Dalam orasinya, para santri menilai tayangan yang disiarkan Trans7 tidak mencerminkan etika jurnalistik. Mereka menuding isi konten tersebut berpotensi menyesatkan publik dan mencoreng citra lembaga pesantren yang selama ini dikenal sebagai pusat pendidikan moral bangsa.
“Video itu tidak pantas disebut karya jurnalistik. Sumbernya tidak jelas, bahkan bisa jadi melanggar hak cipta,” ungkap Abdul Kholik, koordinator aksi yang juga alumni Pondok Pesantren Zainul Hasan Genggong, Probolinggo.
Aksi yang melibatkan ribuan peserta itu juga dihadiri perwakilan Ikatan Santri Alumni Salafiyah Syafi’iyah (IKSASS) Rayon Bondowoso. Mereka menegaskan bahwa pesantren dan ulama telah menjadi bagian penting dari sejarah perjuangan bangsa Indonesia.
“Ulama dan santri adalah penjaga kemerdekaan. Tapi tayangan Trans7 justru mengkhianati nilai perjuangan itu dengan narasi yang menyesatkan,” teriak salah satu orator dari IKSASS disambut gemuruh takbir para peserta aksi.
Sejumlah organisasi pelajar dan mahasiswa turut serta, di antaranya PMII Bondowoso dan IPNU. Hadir pula tokoh masyarakat, para alumni pesantren, serta Ketua PC Pagar Nusa Bondowoso, H. Syamsul Arifin.
Salah satu koordinator lapangan, M. Daimul Ihsan, sempat menyoroti absennya beberapa pejabat daerah. “Kita datang membawa aspirasi moral, tapi sebagian pejabat Forkopimda tidak hadir. Hanya Ketua DPRD yang datang lebih awal,” ujarnya di tengah orasi.
Tak lama berselang, Bupati Bondowoso Abdul Hamid Wahid akhirnya hadir dan menyapa para peserta.

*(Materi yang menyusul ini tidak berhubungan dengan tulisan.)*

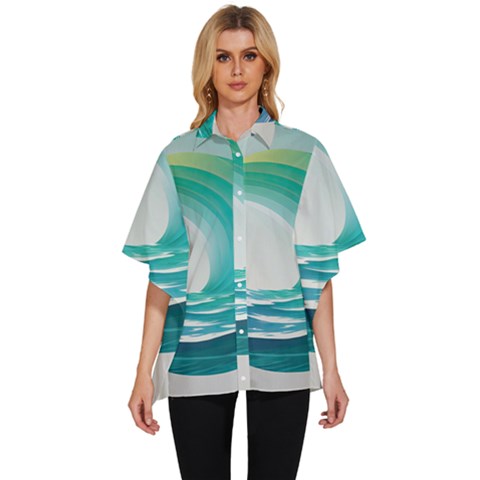 Tsunami Tidal Wave Wave Minimalist Ocean Sea Women s Batwing Button Up Shirt by uniart180623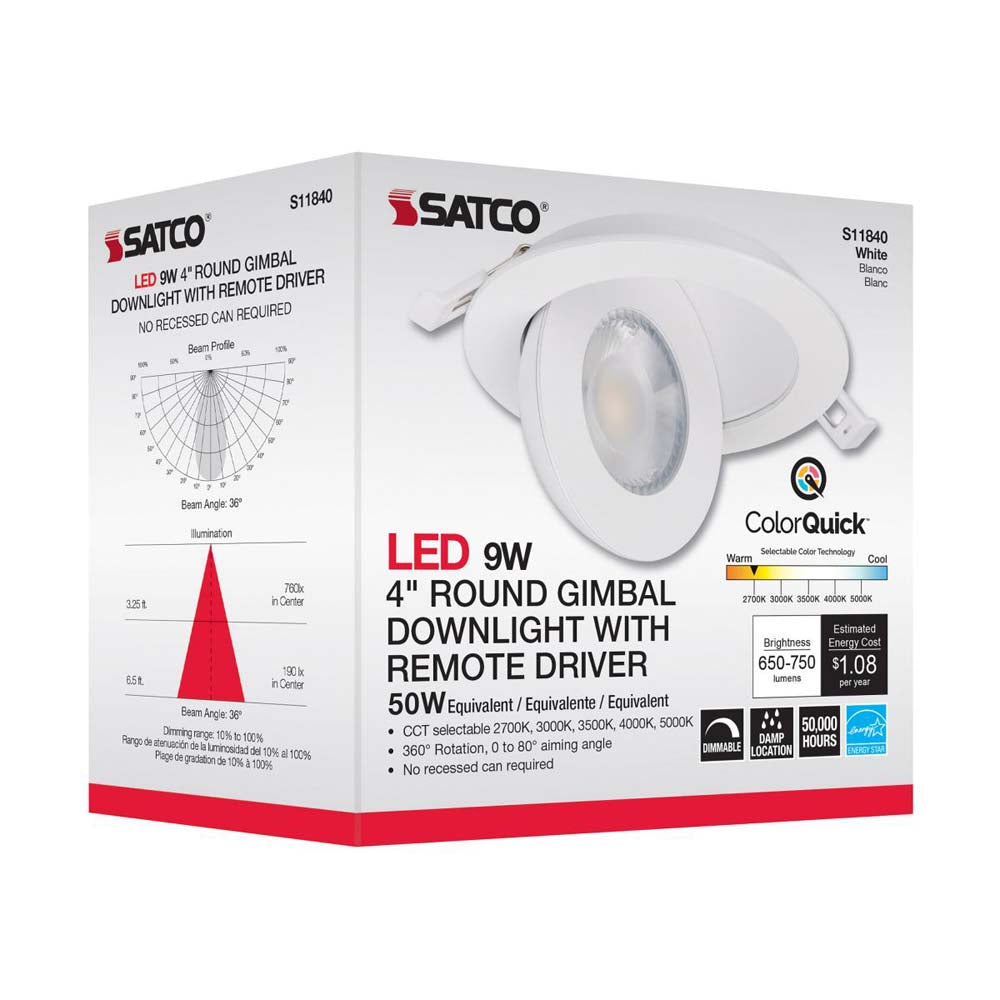 9w CCT Tunable LED Direct Wire Downlight 4-in Round Remote Driver White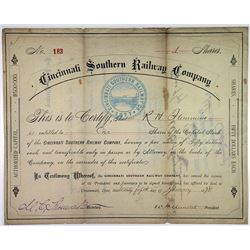 Cincinnati Southern Railway Co., 1878 I/U Stock Certificate Rarity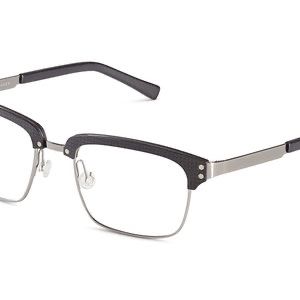 Ein Paar Brille mit schwarzen Rahmen und klaren Gläsern wird auf einem weißen Hintergrund gezeigt. Die Gläser sind rechteckig, und der Rahmen ist leicht gebogen.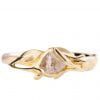 טבעת אירוסין בסגנון עלים משובצת יהלום גולמי עשויה זהב אדום leaves#6 טבעות אירוסין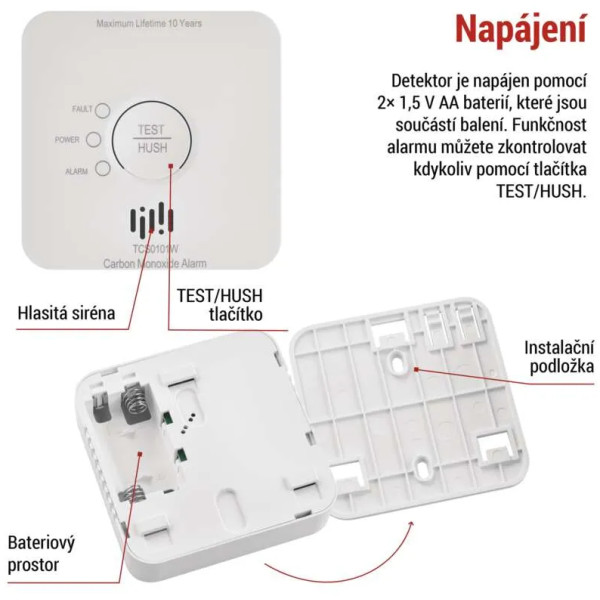 Фото - Беспроводная сигнализация EMOS Умная CO P56400S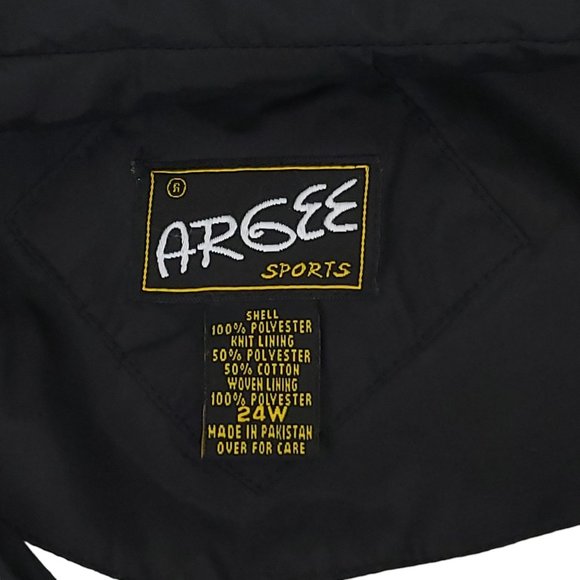 Vintage Argee Sports Windbreaker Womens Size 24W Track Jacket Zip Up Lined - Picture 11 of 13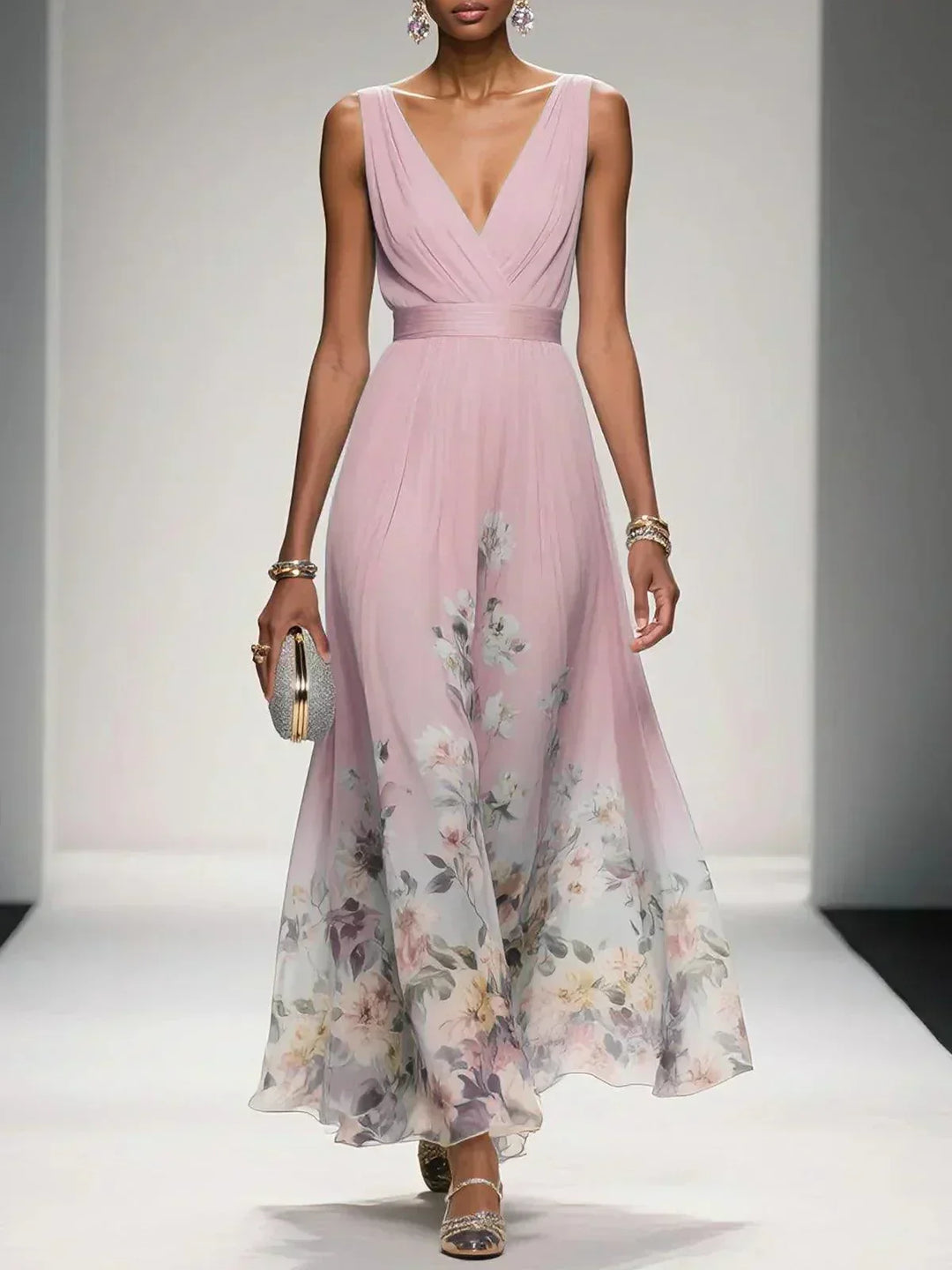 Paula | Maxikleid aus Chiffon mit Blumen hellblau und V-Ausschnitt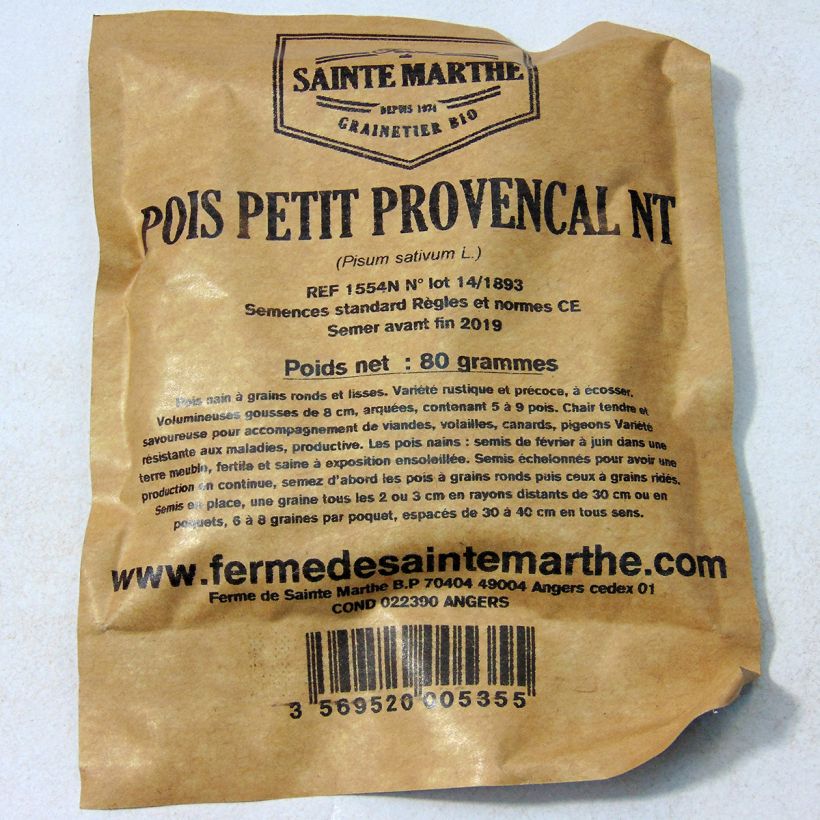 Example of Dwarf Pea Petit Provençal - Ferme de Sainte Marthe untreated seeds per pack of 240 seeds (80g) specimen as delivered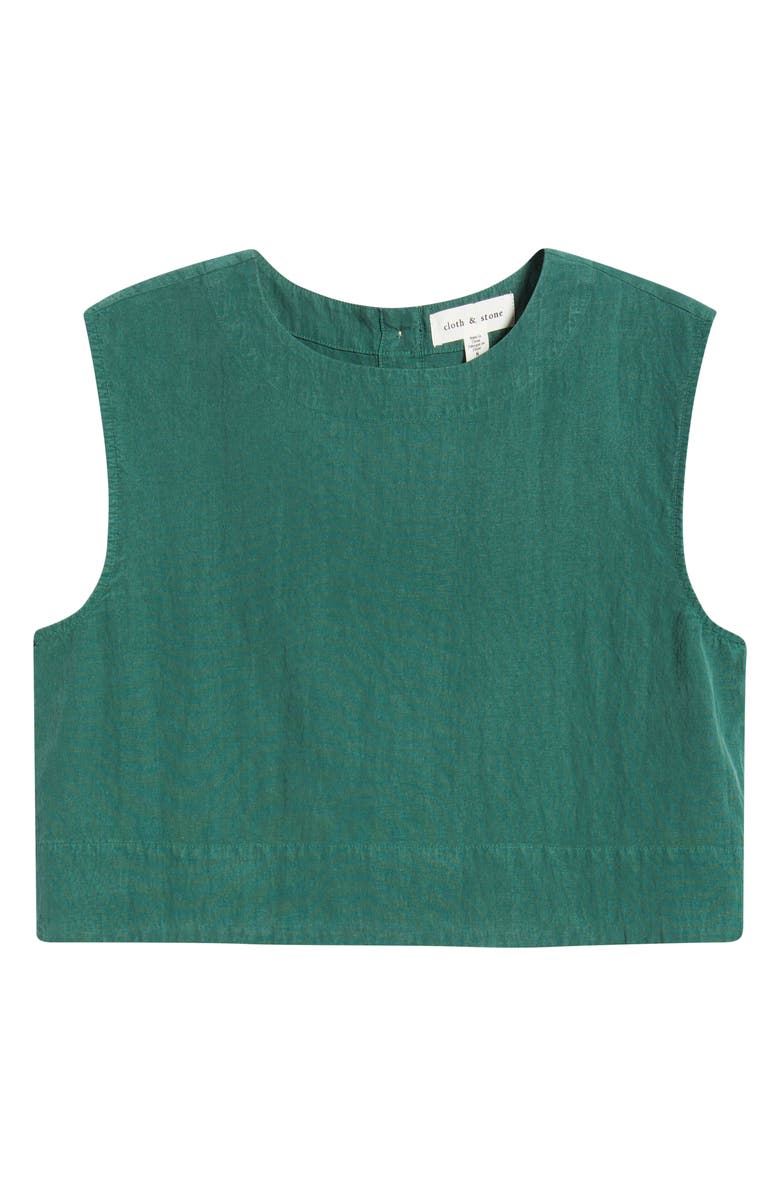 Cloth & Stone Boxy Back Button Sleeveless Top, Alternate, color, Meadow Moss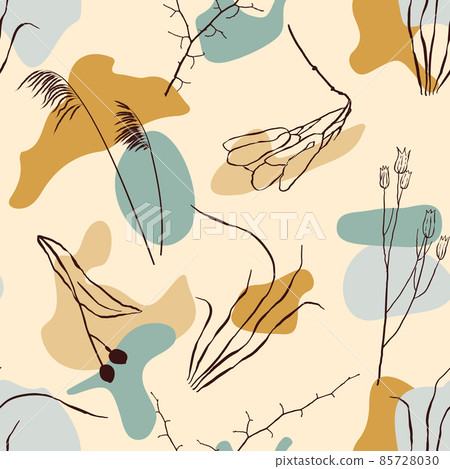 Modern abstract geometric shapes and botanical line drawings seamless pattern. Modern abstract geometric shapes and botanical line drawings seamless pattern. 85728030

Kehadiran Ketua DPRD Bondowoso, H. Ahmad Dhafir, menjadi sorotan tersendiri. Dalam pidatonya, ia menegaskan bahwa peran pesantren dalam sejarah bangsa tak bisa dihapuskan.
“Jangan lupakan bahwa Ponpes Lirboyo pernah jadi markas perjuangan. Ulama ikut melawan PKI, tapi kini justru pesantren diserang oleh narasi yang kami curigai punya aroma ideologi lama itu,” tegas Dhafir yang juga alumni Pondok Pesantren Sidogiri.
Bupati Abdul Hamid Wahid menilai aksi santri ini menunjukkan kedewasaan moral. Ia berjanji akan menyalurkan aspirasi tersebut kepada pihak berwenang.
“Kami mendengar dengan penuh hormat dan akan menindaklanjuti sesuai mekanisme hukum,” ujarnya.
Selama aksi berlangsung, aparat dari Polres Bondowoso dan Satpol PP menjaga ketat jalannya kegiatan. Suasana tetap kondusif hingga akhir acara.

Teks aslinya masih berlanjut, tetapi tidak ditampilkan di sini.